GNCC representative Khatia Kurashvili said the commission hunted for violations in Georgian-controlled portions of the breakaway region, which is a small patchwork of separatist- and state-controlled villages.

Residents in at least two of the Georgian-controlled portions were found to be using MegaFon phone accounts, she said. But the monitoring was done to show that MegaFon is doing business in separatist-controlled areas too, and Kurashvili said the GNCC is “certain that MegaFon operates on the whole territory of South Ossetia.”

Citing “serious financial damage” to Georgian mobile operators, the commission fined the Russian company GEL 5 000, the amount provided for by law.

The GNCC representative said the commission contacted MegaFon and the Russian Embassy in Georgia to demand payment within 30 days and an end to the “illegal activity” in South Ossetia, before passing on the case to the Prosecutor General’s Office.

A spokesperson for MegaFon said the company has not received official documentation for the penalty, and will not comment until they do.

This is not the first time Georgia has accused MegaFon of breaking the law. In December 2005, Tbilisi accused the Russian mobile operator of setting up a proxy company in separatist Abkhazia.

MegaFon denied the charge.

Russian businesses are believed to have extensive economic stakes in Georgia’s two separatist enclaves. Tbilisi strenuously opposes foreign commerce without its permission in Abkhazia and South Ossetia, which it says is unlawful, but enforcement measures have been mostly limited to occasionally seizing Russian and Turkish vessels headed for Abkhazian ports.

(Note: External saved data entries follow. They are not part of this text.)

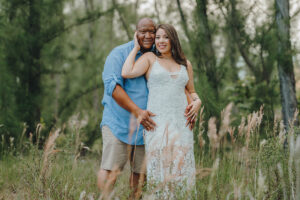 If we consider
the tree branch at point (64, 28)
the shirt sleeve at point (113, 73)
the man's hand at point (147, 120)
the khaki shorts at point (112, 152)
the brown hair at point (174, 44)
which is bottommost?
the khaki shorts at point (112, 152)

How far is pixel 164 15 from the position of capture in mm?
6961

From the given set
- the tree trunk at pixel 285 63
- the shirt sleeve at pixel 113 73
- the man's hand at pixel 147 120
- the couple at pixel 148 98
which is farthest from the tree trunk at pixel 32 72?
the tree trunk at pixel 285 63

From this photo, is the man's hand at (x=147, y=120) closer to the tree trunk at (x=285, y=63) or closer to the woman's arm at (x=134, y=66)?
the woman's arm at (x=134, y=66)

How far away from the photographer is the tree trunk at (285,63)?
387 cm

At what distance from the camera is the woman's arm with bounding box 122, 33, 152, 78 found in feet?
8.19

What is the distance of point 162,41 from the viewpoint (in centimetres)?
255

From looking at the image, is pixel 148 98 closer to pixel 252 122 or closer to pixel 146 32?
pixel 146 32

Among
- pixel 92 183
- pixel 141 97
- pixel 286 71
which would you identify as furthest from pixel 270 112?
pixel 92 183

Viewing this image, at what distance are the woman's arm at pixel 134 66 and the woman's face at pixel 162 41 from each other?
143mm

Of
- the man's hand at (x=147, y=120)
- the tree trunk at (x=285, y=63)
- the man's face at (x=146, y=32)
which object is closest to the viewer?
the man's hand at (x=147, y=120)

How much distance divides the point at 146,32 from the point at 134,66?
0.38 meters

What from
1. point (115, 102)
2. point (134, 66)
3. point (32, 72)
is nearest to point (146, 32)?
point (134, 66)

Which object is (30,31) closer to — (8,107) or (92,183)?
(8,107)

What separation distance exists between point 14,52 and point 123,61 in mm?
2557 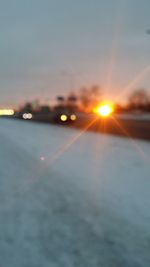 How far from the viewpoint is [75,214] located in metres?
10.5

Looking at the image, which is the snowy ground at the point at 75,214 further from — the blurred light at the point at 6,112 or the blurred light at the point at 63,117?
the blurred light at the point at 6,112

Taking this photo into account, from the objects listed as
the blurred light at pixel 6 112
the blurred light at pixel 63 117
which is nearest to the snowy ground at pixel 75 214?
the blurred light at pixel 63 117

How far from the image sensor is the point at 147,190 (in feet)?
42.4

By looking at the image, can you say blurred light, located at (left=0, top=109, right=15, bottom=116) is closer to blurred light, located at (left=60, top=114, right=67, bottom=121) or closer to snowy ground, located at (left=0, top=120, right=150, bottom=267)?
blurred light, located at (left=60, top=114, right=67, bottom=121)

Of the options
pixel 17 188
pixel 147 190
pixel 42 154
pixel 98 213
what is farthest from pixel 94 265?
pixel 42 154

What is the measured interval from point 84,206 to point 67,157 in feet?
36.2

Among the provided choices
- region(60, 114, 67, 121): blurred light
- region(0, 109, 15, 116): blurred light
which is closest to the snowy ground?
region(60, 114, 67, 121): blurred light

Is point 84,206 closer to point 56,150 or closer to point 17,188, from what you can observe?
point 17,188

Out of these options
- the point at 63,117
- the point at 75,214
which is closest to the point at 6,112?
the point at 63,117

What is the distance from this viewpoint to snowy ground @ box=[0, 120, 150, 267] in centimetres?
766

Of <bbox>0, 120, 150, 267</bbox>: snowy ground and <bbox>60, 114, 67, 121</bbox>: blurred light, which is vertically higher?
<bbox>60, 114, 67, 121</bbox>: blurred light

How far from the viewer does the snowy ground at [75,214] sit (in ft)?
25.1

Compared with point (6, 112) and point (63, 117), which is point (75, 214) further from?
point (6, 112)

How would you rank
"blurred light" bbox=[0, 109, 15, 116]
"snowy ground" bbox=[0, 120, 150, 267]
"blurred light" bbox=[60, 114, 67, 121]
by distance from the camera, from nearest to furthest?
"snowy ground" bbox=[0, 120, 150, 267], "blurred light" bbox=[60, 114, 67, 121], "blurred light" bbox=[0, 109, 15, 116] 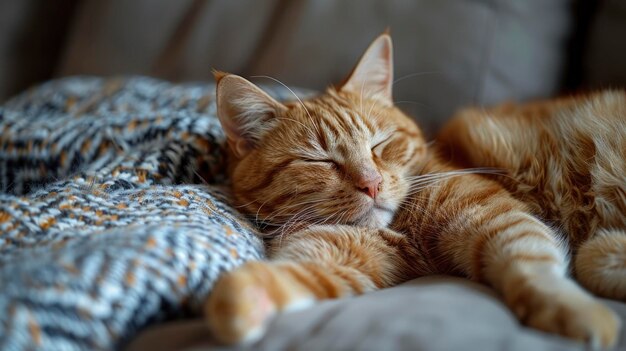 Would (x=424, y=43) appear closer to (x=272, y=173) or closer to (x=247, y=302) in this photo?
(x=272, y=173)

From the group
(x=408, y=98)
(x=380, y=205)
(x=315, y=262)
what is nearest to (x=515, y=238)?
(x=380, y=205)

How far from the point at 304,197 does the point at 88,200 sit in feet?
1.86

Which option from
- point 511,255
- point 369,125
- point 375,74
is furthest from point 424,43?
point 511,255

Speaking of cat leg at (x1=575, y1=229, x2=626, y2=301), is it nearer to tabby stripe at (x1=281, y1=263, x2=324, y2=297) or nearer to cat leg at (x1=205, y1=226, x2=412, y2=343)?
cat leg at (x1=205, y1=226, x2=412, y2=343)

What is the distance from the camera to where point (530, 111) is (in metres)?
1.86

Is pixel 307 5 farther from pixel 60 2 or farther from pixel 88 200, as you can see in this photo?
pixel 60 2

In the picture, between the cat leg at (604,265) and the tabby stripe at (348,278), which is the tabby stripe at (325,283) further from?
the cat leg at (604,265)

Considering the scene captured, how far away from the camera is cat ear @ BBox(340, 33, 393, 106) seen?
177cm

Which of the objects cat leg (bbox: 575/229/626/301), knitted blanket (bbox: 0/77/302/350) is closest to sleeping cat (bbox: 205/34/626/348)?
cat leg (bbox: 575/229/626/301)

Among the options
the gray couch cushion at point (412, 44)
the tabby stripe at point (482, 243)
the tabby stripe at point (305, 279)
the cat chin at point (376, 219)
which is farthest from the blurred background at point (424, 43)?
the tabby stripe at point (305, 279)

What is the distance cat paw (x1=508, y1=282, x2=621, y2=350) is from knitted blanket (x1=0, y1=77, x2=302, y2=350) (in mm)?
621

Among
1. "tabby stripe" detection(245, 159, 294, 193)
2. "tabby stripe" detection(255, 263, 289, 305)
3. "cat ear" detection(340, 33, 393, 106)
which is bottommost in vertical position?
"tabby stripe" detection(255, 263, 289, 305)

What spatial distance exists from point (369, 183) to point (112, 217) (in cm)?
67

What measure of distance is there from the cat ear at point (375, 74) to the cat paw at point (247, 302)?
0.86 m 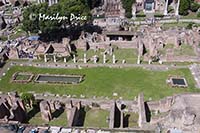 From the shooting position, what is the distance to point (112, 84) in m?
54.6

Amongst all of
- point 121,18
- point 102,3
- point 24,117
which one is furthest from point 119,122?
point 102,3

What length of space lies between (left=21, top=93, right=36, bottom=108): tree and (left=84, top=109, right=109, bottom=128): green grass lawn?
930 cm

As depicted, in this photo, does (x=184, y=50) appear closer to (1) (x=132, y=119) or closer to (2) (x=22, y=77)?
(1) (x=132, y=119)

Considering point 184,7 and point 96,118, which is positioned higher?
point 184,7

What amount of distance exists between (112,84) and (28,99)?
15.7m

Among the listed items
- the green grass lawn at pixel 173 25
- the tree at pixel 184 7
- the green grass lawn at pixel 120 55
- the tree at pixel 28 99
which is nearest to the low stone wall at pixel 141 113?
the green grass lawn at pixel 120 55

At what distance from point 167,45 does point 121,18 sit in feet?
69.0

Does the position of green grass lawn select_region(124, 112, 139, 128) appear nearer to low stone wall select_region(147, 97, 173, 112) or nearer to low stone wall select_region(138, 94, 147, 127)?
low stone wall select_region(138, 94, 147, 127)

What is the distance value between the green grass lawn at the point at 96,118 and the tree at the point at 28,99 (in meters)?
9.30

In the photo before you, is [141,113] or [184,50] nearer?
[141,113]

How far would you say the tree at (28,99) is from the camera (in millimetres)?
47469

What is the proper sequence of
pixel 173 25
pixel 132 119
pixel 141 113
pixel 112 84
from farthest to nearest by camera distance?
pixel 173 25 → pixel 112 84 → pixel 132 119 → pixel 141 113

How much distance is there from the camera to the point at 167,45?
222ft

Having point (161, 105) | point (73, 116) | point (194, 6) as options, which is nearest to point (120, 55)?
point (161, 105) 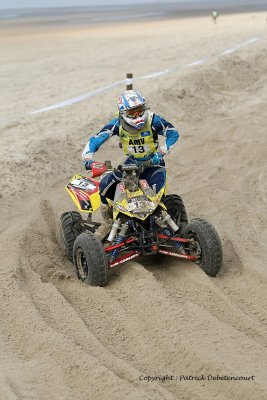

In April this year, the top Georgian official for conflict issues said the government would redouble efforts to prosecute Russian companies doing business in the country’s separatist enclaves.

“In order to stop economic annexation [of Abkhazia], we are forced to put all offending companies and their owners and top managers on a wanted list [for Interpol],” State Minister for Reintegration Issues Temur Iakobashvili told the newspaper Rezonansi.